Get it through your shit-filled skull! Your topics suck, your replies suck, your life sucks, your plants suck, your mouth sucks, your sister must really suck hard for you to exploit her for google spam change like some sort of beggar vagrant leech! Anyway! How's things?
 

Finshaggy

Well-Known Member
McKinney's police force is out of control, but there is no simple solution.
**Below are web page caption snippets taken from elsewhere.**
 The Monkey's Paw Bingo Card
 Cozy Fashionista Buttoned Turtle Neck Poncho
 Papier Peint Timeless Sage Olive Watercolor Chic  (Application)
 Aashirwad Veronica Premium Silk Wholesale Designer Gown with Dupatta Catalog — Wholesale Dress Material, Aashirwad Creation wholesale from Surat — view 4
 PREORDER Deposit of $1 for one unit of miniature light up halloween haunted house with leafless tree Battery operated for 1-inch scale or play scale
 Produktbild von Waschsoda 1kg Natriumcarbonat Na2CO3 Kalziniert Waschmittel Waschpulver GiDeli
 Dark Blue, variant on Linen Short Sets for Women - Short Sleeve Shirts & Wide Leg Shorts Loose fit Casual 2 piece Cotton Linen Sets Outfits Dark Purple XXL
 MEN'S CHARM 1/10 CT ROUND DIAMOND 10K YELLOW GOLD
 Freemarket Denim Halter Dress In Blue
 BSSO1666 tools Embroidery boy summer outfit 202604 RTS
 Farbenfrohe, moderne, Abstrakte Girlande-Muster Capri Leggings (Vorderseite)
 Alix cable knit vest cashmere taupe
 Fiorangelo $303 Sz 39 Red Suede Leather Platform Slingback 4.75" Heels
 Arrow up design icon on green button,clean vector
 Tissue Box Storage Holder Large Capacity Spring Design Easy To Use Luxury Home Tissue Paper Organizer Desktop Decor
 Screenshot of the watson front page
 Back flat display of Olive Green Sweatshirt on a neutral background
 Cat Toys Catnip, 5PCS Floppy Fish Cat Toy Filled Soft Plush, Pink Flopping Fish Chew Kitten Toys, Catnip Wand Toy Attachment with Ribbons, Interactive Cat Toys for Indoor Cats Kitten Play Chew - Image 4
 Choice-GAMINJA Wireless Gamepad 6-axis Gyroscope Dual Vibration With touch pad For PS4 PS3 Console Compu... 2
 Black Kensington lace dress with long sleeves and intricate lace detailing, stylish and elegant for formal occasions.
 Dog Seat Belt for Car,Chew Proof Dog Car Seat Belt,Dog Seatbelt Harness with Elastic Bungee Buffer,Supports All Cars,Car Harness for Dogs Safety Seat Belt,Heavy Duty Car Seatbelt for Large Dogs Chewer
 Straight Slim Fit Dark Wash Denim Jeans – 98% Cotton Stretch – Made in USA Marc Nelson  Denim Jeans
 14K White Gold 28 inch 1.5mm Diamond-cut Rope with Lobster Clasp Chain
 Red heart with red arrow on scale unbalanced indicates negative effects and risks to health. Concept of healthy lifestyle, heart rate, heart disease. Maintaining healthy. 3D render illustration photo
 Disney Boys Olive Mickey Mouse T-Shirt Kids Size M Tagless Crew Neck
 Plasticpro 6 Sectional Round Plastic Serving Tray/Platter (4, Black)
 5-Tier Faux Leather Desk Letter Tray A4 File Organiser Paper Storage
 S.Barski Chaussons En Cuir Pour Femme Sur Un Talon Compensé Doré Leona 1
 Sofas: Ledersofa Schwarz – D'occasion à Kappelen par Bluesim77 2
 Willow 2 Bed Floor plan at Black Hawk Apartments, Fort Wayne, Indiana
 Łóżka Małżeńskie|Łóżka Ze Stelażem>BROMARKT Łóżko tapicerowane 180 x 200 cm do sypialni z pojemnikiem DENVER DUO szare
Plus there needs to be a decrease in prosecution, while not leaving a vacuum of lawyers and officers without jobs.

So I propose a counter measure to the police department, a "people's police". It will start as a government program, similar to the DA's office, but it will hire barred lawyers as "educators" and aspiring lawyers, or true "officers of the law". They will be on call at all times like the regular police department, but the difference is:

They are armed with law books (and only concealed weapons if they get personal licenses for personal protection)

They are meant to be called as "legal mediators" or a 3rd party witness. Ex: The police are harassing you or on your property illegal, these are the people you call. There is a murderer in your house, and you may have to kill him but want everyone to know you killed him in self defense. Call the police, then call these guys.

They are basically an "on scene legal department" so that in court it's not "You against the cops" it's You, the cops and a 3rd party sharing what happened.

Eventually it would be absorbed into the police department once it started being less "police state" than it is right now.